[[ Task input open ]]
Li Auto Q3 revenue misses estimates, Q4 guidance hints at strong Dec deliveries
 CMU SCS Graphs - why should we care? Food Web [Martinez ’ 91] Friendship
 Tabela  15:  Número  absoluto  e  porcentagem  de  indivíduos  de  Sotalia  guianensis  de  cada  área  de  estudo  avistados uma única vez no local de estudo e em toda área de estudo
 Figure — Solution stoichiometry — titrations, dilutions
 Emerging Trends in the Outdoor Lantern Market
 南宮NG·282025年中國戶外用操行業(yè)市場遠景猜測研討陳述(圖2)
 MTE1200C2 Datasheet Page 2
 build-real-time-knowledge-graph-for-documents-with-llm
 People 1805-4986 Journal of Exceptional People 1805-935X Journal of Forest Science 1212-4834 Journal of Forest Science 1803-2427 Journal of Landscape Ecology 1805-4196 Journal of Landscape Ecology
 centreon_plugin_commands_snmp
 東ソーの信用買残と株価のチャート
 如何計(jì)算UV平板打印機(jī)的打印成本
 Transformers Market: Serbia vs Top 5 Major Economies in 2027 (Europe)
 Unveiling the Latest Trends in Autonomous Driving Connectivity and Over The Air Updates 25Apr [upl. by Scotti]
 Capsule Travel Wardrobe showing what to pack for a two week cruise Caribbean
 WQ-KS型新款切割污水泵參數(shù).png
[[ Task input closed ]]
#### [Task details]
Some lines in the material contain "Trends". Show all of them.

#### [Output]
 Emerging Trends in the Outdoor Lantern Market
 Unveiling the Latest Trends in Autonomous Driving Connectivity and Over The Air Updates 25Apr [upl. by Scotti]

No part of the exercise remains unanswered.